出版産業の崩壊とその次に来るもの

「町のパン屋さん」のような出版社たけくまメモ

非常に気に入ったエントリです。私は自営業者の息子なので、このような家庭内手工業的なビジネスの話を読むとワクワクしてしまうのです。

「町のパン屋さん」のような出版社ができないだろうかと、考えるのである。どこの町にも一軒くらいは「こだわりのパン屋」があるだろう。家族経営で、石窯で焼いた手作りパンを売っているような。宮崎駿の『魔女の宅急便』に出てくるグーチョキパン屋とか、そんな感じだ。ご主人が奥でパンを焼き、奥さんが店に立ってパンを売る。奥さんが身重になると、女の子をバイトに雇って店番を頼んだりして。
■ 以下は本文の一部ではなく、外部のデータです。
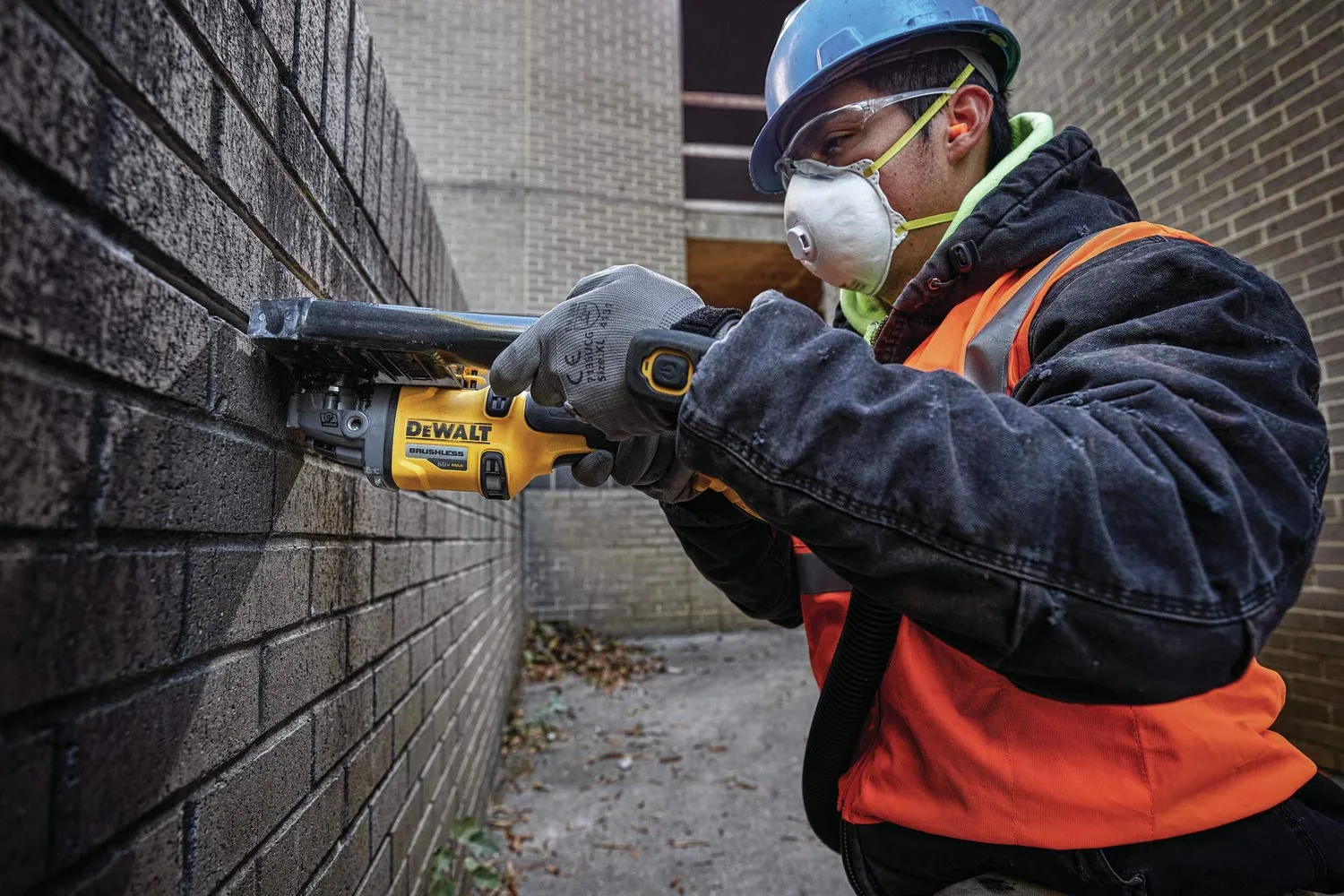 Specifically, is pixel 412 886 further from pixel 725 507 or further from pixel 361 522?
pixel 725 507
事業規模はとても小さい。売り上げも微々たるものだが、旦那と奥さんと生まれてくる子供が生活できるのなら、それで十分である。

中略…

パン屋さんでなくとも、八百屋さんでも魚屋さんでも、地域に密着した独立型店舗ならなんでもいいと思われるかもしれないが、そうした店とパン屋さんとでは決定的な違いがある。八百屋さんや魚屋さんの場合、売り物を自分で作ったり、採集してくるわけではない。生産や収穫は別の場所で別の人がやっているので、そこが町のパン屋さんとは違う。俺が言う町のパン屋さんは、売り物を自分で作って、自分で売るのである。
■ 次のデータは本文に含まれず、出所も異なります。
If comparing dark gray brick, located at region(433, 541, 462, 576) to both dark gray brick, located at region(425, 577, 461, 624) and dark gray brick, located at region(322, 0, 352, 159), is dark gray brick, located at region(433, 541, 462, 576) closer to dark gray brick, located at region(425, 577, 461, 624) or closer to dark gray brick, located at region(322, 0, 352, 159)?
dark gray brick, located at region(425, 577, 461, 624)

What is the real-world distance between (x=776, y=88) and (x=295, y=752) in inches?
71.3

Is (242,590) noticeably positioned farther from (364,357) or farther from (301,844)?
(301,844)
ビジネスをやるのなら一次生産物を自分で持たないと楽しくないですよね。*1 *2

俺が思うことは、マンガや本は生き残るが「産業」としてはクエスチョンだということだ。
今俺が考える「未来の出版」とは、限りなく町のパン屋さんに近いイメージのそれである。
書物作りは、そもそも手作りパン屋さん程度の事業規模が適正だったと思うからだ。

全く同意です。印刷機械と流通網それに付随する金融機能という参入障壁が相対化された出版ビジネスに残った武器は、企画力とコンテンツそのものだと思いますが、それらは価値をアピールするのが難しい商材です。
もともとそんなに儲からないはずの産業を、優れたビジネスモデルがなんとか維持させてきましたが、ついに賞味期限が切れてきたようです。

コンテンツで儲けるのが難しいという意味では、Webビジネス界隈にも同じことが言えます。もしかすると私がいるシステム開発業界もよく似たものかもしれません。
そもそも、情報の非対称性が相対化されるインターネット時代には、濡れ手に泡のビジネスは長続きするもんじゃないということなんですかね。


7/23補足:出版物の販売によってではなく、取次ぎ各社の金融機能で生きながらえているという意味で、あのGMと構造が似ているような気がする。

*1:究極的には記事そのものが一次生産物なのですが、私はそれが商品として不十分だと思っています。

*2:実際におおむねこれを実現している人がいます。BLOG:「出版屋の仕事」を運営しておられるタミオさんです。日本一小さい出版社を自称してらっしゃいます。